Dataset records

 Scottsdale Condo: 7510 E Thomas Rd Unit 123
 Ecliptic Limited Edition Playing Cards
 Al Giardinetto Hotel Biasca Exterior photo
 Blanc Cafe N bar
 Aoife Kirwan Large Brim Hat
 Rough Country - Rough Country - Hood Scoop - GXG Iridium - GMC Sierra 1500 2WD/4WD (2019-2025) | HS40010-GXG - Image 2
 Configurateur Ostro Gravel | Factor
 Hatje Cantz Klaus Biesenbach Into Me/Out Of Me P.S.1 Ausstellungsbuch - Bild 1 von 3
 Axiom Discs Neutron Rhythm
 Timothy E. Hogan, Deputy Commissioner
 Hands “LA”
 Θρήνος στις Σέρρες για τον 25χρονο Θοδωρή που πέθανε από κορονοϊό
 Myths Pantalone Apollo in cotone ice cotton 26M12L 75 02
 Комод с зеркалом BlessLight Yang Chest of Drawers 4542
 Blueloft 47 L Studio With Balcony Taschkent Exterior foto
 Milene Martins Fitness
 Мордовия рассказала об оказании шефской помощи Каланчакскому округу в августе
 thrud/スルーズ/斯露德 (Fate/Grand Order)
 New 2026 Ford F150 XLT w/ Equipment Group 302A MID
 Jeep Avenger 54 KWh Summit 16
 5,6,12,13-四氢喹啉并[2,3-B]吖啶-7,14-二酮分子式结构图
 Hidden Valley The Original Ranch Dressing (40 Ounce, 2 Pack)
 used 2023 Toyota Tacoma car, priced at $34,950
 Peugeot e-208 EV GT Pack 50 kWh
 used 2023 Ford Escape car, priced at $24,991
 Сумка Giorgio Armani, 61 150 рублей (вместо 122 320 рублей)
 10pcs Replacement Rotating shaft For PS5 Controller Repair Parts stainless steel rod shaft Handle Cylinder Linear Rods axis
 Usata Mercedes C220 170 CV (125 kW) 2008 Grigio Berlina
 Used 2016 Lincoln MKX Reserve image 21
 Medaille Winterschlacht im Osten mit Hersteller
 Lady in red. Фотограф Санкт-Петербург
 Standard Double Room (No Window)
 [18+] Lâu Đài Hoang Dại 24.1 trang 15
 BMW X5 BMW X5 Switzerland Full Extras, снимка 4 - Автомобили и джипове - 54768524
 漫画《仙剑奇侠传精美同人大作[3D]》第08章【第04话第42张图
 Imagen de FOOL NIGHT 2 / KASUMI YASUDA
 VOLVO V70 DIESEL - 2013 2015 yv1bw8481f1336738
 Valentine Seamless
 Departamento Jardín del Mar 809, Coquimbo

**What to work on:** For this exercise, copy word for word the line that contains "VOLVO V70 DIESEL" and every line after it, ending with the last line of the entries above.

**Answer section:**
 VOLVO V70 DIESEL - 2013 2015 yv1bw8481f1336738
 Valentine Seamless
 Departamento Jardín del Mar 809, Coquimbo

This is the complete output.